What is required:
Starting at the line that contains "Runner Photo 8808584" in the listing below, write out every line word for word until you have written the line that contains "Chibiis webcam".

Data under study:
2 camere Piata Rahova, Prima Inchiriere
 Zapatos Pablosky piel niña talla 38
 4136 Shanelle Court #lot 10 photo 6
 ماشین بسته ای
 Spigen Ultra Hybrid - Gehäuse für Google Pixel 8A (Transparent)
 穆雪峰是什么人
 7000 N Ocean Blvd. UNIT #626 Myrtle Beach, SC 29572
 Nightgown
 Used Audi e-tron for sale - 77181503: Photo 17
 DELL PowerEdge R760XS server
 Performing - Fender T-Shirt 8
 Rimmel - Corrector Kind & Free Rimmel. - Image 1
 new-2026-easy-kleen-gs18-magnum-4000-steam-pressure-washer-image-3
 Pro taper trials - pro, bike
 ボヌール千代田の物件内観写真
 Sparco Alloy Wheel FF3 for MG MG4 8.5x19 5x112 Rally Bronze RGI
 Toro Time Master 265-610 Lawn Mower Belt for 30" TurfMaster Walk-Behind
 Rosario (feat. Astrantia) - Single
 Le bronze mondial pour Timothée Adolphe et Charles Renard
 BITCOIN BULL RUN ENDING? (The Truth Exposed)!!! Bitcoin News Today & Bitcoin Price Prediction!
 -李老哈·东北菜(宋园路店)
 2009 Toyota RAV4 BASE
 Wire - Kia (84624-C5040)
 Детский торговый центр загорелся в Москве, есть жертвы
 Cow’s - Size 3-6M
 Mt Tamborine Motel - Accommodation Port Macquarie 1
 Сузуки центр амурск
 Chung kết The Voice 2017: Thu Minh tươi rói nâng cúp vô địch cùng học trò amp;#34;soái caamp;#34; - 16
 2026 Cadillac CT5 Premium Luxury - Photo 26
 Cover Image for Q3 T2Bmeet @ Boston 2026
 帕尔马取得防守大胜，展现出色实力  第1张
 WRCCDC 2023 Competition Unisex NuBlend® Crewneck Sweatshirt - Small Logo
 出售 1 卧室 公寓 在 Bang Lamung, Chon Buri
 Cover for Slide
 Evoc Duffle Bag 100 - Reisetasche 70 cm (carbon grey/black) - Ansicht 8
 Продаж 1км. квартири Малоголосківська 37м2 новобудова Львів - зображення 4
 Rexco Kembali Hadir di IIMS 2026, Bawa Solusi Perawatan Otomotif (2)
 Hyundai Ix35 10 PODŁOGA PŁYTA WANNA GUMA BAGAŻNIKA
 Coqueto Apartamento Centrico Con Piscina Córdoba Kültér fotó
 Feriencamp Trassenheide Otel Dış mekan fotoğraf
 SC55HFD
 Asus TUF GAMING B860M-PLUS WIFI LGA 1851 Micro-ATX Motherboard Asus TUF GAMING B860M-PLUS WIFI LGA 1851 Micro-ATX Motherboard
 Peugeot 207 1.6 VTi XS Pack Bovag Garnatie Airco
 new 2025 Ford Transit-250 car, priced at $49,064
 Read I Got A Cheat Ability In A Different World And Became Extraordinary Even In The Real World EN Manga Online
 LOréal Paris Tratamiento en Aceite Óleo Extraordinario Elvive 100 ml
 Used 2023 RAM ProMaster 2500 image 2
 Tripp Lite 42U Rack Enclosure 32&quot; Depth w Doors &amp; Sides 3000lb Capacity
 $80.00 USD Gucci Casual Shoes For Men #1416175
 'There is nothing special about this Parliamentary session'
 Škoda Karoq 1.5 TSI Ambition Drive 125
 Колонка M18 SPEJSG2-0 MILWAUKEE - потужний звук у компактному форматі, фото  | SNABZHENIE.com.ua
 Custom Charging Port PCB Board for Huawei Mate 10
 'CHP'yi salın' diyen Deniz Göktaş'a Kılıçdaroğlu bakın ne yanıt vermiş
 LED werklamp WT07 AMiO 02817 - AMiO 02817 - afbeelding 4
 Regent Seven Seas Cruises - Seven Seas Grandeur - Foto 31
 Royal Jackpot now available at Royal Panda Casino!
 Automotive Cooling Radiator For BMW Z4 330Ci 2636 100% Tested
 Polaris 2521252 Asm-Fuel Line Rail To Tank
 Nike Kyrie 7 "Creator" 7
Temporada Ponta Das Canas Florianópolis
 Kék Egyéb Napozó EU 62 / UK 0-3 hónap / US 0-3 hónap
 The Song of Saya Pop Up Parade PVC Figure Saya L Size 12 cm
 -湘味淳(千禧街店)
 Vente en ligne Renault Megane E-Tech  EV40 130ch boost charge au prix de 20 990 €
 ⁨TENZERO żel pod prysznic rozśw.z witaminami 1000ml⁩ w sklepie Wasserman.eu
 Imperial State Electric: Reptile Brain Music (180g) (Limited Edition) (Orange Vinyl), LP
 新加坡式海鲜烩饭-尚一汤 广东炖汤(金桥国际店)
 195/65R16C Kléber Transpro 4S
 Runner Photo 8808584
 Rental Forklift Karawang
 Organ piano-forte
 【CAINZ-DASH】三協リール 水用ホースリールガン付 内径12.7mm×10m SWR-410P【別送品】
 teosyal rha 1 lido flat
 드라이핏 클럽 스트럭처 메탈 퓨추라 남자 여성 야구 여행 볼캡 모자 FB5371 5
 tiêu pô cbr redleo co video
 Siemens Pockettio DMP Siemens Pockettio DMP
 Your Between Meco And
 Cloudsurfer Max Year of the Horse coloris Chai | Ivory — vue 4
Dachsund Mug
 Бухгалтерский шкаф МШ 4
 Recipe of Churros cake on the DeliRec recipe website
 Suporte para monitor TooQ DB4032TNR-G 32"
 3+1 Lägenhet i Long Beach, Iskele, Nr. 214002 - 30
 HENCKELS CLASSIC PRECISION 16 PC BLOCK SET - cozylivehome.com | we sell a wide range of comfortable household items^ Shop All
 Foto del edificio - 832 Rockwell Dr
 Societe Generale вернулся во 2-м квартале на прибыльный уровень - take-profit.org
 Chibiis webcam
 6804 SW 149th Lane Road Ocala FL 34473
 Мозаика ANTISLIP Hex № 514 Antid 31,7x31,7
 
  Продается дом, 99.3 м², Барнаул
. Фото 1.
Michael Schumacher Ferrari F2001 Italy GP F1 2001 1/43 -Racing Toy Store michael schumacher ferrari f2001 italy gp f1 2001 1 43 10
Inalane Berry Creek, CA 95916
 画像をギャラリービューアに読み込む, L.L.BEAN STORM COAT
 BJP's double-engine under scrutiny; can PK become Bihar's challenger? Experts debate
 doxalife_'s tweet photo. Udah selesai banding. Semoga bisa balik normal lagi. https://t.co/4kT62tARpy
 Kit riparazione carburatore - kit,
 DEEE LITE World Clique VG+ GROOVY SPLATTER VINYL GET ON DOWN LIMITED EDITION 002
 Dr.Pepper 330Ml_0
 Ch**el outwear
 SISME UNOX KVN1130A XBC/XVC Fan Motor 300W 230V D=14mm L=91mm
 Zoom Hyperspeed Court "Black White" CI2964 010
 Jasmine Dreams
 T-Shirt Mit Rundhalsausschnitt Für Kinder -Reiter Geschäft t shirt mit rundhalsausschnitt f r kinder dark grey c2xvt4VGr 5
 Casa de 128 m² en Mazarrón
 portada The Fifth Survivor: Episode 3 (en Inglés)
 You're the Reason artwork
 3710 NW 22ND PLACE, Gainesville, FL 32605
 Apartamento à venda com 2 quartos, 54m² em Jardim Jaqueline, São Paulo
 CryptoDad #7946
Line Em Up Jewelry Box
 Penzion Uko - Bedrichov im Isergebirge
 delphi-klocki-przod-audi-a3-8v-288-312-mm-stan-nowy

Exercise result:
 Runner Photo 8808584
 Rental Forklift Karawang
 Organ piano-forte
 【CAINZ-DASH】三協リール 水用ホースリールガン付 内径12.7mm×10m SWR-410P【別送品】
 teosyal rha 1 lido flat
 드라이핏 클럽 스트럭처 메탈 퓨추라 남자 여성 야구 여행 볼캡 모자 FB5371 5
 tiêu pô cbr redleo co video
 Siemens Pockettio DMP Siemens Pockettio DMP
 Your Between Meco And
 Cloudsurfer Max Year of the Horse coloris Chai | Ivory — vue 4
Dachsund Mug
 Бухгалтерский шкаф МШ 4
 Recipe of Churros cake on the DeliRec recipe website
 Suporte para monitor TooQ DB4032TNR-G 32"
 3+1 Lägenhet i Long Beach, Iskele, Nr. 214002 - 30
 HENCKELS CLASSIC PRECISION 16 PC BLOCK SET - cozylivehome.com | we sell a wide range of comfortable household items^ Shop All
 Foto del edificio - 832 Rockwell Dr
 Societe Generale вернулся во 2-м квартале на прибыльный уровень - take-profit.org
 Chibiis webcam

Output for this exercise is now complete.